What is required | Go over the entries below line by line, copying each one that contains the word "Chest".

== Data to use ==

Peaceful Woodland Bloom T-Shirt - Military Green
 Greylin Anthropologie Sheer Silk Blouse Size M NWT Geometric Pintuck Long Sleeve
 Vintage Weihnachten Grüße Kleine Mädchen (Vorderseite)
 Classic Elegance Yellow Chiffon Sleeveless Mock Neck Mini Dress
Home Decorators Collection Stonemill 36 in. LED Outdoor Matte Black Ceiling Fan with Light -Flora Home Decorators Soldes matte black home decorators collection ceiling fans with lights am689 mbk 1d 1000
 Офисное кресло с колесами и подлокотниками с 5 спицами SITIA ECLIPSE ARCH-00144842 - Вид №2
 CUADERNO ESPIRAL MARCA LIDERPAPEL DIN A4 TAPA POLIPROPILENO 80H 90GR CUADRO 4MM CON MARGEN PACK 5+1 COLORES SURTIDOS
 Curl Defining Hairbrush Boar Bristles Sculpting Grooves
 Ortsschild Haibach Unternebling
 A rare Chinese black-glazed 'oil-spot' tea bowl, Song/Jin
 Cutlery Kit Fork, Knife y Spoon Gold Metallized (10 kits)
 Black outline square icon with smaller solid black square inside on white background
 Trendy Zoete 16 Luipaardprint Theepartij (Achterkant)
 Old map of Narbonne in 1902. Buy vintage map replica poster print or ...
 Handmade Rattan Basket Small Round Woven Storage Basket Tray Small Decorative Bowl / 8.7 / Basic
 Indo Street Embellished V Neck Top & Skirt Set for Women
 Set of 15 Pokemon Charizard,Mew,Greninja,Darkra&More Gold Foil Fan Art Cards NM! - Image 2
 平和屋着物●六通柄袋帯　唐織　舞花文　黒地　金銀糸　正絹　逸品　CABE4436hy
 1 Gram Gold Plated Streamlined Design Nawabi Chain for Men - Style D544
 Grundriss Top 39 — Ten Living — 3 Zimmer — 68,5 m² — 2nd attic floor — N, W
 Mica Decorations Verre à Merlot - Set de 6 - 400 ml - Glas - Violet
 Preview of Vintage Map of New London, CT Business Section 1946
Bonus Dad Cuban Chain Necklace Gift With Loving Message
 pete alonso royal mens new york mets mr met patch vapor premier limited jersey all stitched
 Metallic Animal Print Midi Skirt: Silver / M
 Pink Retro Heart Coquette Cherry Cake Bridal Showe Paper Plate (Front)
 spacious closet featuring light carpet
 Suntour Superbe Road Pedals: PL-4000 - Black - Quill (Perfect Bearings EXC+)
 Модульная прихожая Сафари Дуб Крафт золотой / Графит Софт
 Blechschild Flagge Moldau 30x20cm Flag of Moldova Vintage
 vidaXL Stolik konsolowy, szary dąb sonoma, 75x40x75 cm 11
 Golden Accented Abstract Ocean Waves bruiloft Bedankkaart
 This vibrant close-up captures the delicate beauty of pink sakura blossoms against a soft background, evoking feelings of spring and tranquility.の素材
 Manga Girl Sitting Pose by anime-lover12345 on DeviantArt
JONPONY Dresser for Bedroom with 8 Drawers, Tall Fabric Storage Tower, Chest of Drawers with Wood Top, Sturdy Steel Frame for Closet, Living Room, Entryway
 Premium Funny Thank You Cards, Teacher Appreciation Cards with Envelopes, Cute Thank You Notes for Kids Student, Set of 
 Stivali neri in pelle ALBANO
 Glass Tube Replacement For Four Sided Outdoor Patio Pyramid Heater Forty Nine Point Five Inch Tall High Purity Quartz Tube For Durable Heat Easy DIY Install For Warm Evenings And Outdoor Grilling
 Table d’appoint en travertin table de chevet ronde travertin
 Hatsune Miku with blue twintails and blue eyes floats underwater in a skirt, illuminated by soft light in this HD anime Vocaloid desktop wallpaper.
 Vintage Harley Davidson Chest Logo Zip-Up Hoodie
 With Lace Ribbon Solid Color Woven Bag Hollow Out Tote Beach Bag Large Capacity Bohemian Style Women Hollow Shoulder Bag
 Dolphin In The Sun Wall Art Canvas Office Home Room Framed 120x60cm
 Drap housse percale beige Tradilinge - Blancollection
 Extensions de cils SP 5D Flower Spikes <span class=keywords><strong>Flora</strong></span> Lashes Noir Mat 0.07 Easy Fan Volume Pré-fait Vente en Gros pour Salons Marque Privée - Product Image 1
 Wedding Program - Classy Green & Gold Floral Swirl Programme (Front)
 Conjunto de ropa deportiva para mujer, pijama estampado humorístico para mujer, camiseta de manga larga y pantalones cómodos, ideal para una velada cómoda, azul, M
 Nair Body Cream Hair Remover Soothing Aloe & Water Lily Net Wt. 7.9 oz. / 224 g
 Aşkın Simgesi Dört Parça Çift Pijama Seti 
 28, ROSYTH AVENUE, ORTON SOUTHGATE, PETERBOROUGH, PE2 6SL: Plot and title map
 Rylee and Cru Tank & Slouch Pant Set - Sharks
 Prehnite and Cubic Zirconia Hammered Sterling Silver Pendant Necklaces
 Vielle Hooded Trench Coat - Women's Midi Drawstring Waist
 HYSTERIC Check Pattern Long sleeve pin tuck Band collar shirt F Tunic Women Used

===

Task solution |
JONPONY Dresser for Bedroom with 8 Drawers, Tall Fabric Storage Tower, Chest of Drawers with Wood Top, Sturdy Steel Frame for Closet, Living Room, Entryway
 Vintage Harley Davidson Chest Logo Zip-Up Hoodie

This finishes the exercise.